Whether or not Epaminondas saved Pelopidas's life at Mantinea, it is known that he had previously rescued the commander after he was captured by Alexander of Pherae, a tyrant who ruled over the city-state of Thessaly. As described in "The Age of Alexander: Nine Greek Lives," Pelopidas survived this imprisonment thanks to Epaminondas, but Alexander of Pherae would ultimately be responsible for his death anyway.

It is believed that Pelopidas responded to a petition from the people of Thessaly to remove Alexander of Pherae from power. Initially, it seemed as though Alexander of Pherae's force had the advantage, as they were able to take the high ground. In response, Pelopidas changed tactics and actually took to the field himself. The historian Plutarch claimed that when Pelopidas spotted Alexander across the battlefield, he was so full of rage that he charged at the despot, leaving his own army behind. Alexander fled, and Pelopidas was stabbed with javelins.

The Sacred Band and the entire Theban army had thrived under the command of Pelopidas. Soon after his death, the Sacred Band would be destroyed.

They were ultimately defeated by Philip of Macedon and Alexander the Great

Philip of Macedon had been just a teenager when he was a hostage in Thebes. By 338 B.C., Philip had a teenage son of his own, and together they were leading a massive army through Greece, conquering everything in their path. As described by Britannica, Thebes had initially supported Macedon's rise, but when Athens was threatened, Thebes was convinced to intervene.

The Theban Army and the Athenian army met the Macedonian army at the Chaeronea. As noted by History Hit, the Sacred Band was the most intimidating force in the Ancient Greek world. Without defeating them, it would not be possible for Philip of Macedon to win at Chaeronea. The task of destroying the Sacred Band was assigned to Philip's teenage son, Alexander. He would one day be known as the conqueror Alexander the Great.

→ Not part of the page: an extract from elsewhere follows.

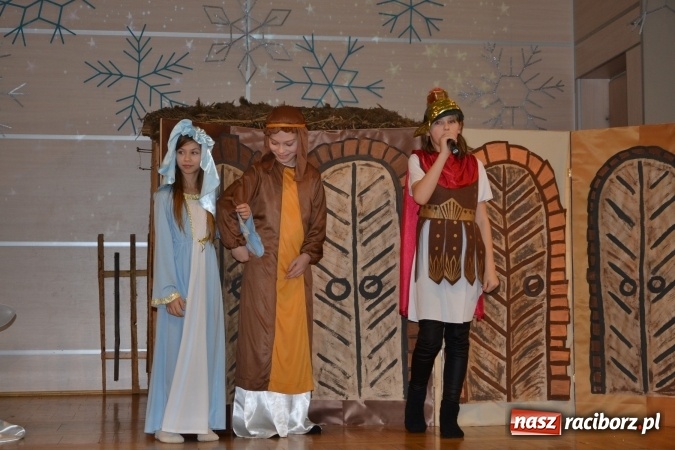 Zdjęcie w galerii na portalu naszraciborz.pl: Przegląd Przedstawień Bożonarodzeniowych w Tworkowie – dzień drugi  wiadomości z regionu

As detailed by Britannica, there are different theories about exactly what strategy Alexander used to defeat the Sacred Band, but it is believed that it was ultimately the elite fighting force's refusal to surrender that destroyed them. The Sacred Band had been trained to never retreat and never give up the fight. Alexander's army surrounded the Sacred Band, and they were all killed.

They were buried together

For 10 years, the Sacred Band had made Thebes the most powerful force in the ancient world. At Chaeronea, the entire elite fighting force was wiped out. There is no way of knowing for certain how Philip of Macedon felt about his army defeating the Theban forces that had inspired his military strategy. But there is a legend (recounted by the Hellenic Museum) that the victorious Philip visited the corpses of the Sacred Band, still lying on the battlefield, and was so overcome with the bravery and loyalty of the men as they faced certain death that he wept.

In the year 1880, a mass grave was discovered at Chaeronea, containing 254 skeletons (via History). As described by The New Yorker, the remains show that these men had wounds and were almost certainly killed in battle. Many were buried arm in arm or holding hands with each other. It is believed that these are the bodies of the men of the Sacred Band, still together in death.